All too often he failed to retain possession with his back to goal, and while there were times when he was lacking support, his £6.5m price tag continues to look like an anomaly.
The majority of this summer’s signings were much cheaper, and Poyet handed a trio of free agents their first senior start at St Andrew’s, with one of them, Costel Pantilimon, being prominently involved in the opening five minutes as he turned Paul Caddis’ skidding 25-yard strike around the post.
That proved a rare early moment of incident as Sunderland’s players in particular struggled to find their passing range before the break.
It took just 12 minutes for Poyet to become frustrated at his side’s lack of cohesion, but the decision to switch Johnson and Wickham on their respective flanks did little to increase the Black Cats’ attacking threat.
Altidore lashed a first-time volley over the crossbar shortly before the half-hour mark, while Wickham drilled over four minutes before the break, but the interval arrived without Birmingham goalkeeper Colin Doyle having been tested.
The hosts were no more threatening for large periods, although Mark Duffy enjoyed considerable joy against Billy Jones, who did not look comfortable on the left-hand side of defence as opposed to his more preferred position on the right.
Duffy’s delivery on the stroke of half-time caused problems at the heart of the Sunderland defence, and while Pantilimon did well to smother Wes Thomas’ low shot, the ball broke invitingly for Cotterill, who drilled against the base of the right-hand post.
With a little more composure, the midfielder might have scored, but the let-off failed to wake Sunderland from their slumbers and the visitors continued to toil at the start of the second half.
Altidore’s long-range effort was deflected over the crossbar shortly after the hour mark and, from the resultant corner, Wickham twice failed to force the ball home in an almighty scramble. Still, though, Sunderland had not recorded a shot on target.
That changed in the 67th minute, but while Liam Bridcutt finally forced Doyle into action with a follow-up effort from a blocked free-kick, the save was a comfortable one.
Pantilimon made a similarly routine stop to deny former Newcastle defender David Edgar shortly after, before Stephen Gleeson flashed a fierce snapshot just over the crossbar.

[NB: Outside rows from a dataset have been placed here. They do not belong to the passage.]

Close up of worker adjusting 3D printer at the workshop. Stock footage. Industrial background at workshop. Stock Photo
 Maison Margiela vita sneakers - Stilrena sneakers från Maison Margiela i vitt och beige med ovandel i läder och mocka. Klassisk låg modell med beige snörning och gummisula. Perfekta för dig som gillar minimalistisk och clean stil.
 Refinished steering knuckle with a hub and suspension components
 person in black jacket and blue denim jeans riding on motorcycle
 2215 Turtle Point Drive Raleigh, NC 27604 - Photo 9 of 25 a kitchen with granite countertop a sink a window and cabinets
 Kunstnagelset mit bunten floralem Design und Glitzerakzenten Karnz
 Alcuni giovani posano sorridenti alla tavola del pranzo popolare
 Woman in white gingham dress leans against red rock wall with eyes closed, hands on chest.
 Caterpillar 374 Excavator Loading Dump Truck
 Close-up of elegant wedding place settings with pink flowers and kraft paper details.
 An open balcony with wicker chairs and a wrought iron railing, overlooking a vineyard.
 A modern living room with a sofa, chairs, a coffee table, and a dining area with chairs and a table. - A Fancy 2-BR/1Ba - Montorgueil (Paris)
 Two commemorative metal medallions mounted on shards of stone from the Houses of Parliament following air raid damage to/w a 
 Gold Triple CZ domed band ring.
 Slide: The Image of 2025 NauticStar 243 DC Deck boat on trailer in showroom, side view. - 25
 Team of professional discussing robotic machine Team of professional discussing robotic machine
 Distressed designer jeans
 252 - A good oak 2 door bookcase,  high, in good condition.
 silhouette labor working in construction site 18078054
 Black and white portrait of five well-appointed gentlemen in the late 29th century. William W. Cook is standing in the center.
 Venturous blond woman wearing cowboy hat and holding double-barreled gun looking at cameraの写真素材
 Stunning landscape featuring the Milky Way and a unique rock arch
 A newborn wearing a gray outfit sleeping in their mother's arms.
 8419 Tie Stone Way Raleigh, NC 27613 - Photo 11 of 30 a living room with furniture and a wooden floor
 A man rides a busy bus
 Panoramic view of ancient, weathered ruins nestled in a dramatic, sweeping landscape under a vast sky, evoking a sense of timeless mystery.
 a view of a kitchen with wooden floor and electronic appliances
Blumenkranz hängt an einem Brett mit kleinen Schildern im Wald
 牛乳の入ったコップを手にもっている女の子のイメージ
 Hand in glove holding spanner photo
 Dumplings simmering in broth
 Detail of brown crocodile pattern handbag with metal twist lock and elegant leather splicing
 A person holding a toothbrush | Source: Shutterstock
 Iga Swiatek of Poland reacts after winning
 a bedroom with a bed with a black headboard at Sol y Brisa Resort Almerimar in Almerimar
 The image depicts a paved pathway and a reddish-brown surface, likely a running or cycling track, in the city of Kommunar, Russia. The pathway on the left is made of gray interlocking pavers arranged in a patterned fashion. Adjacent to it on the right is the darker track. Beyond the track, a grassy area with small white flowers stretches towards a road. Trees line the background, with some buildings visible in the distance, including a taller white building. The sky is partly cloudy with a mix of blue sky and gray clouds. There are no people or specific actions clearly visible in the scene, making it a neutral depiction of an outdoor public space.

It felt like it was going to take a moment of magic to change things, and it duly arrived with 13 minutes left as Gomez crowned his first Sunderland start with a fantastic debut goal.
Johnson teed up the Spaniard on the left-hand corner of the penalty area, and he drilled a ferocious angled drive into the bottom right-hand corner of the net.
It was a controversial effort as, moments before the Black Cats broke, Blues boss Lee Clark was convinced the ball had gone out of play for a throw in, only for referee Darren Bond to play on.
Suddenly, Birmingham had to push for an equaliser and they were twice caught on the break as Sunderland finished with a flourish.
First, Johnson followed up to steer a first-time finish past Doyle after the goalkeeper had done well to save Altidore’s fiercely-hit effort.
Then, with two minutes left, substitute Emmanuel Giaccherini released Wickham down the left, and the striker drilled home his first goal of the season from an acute angle.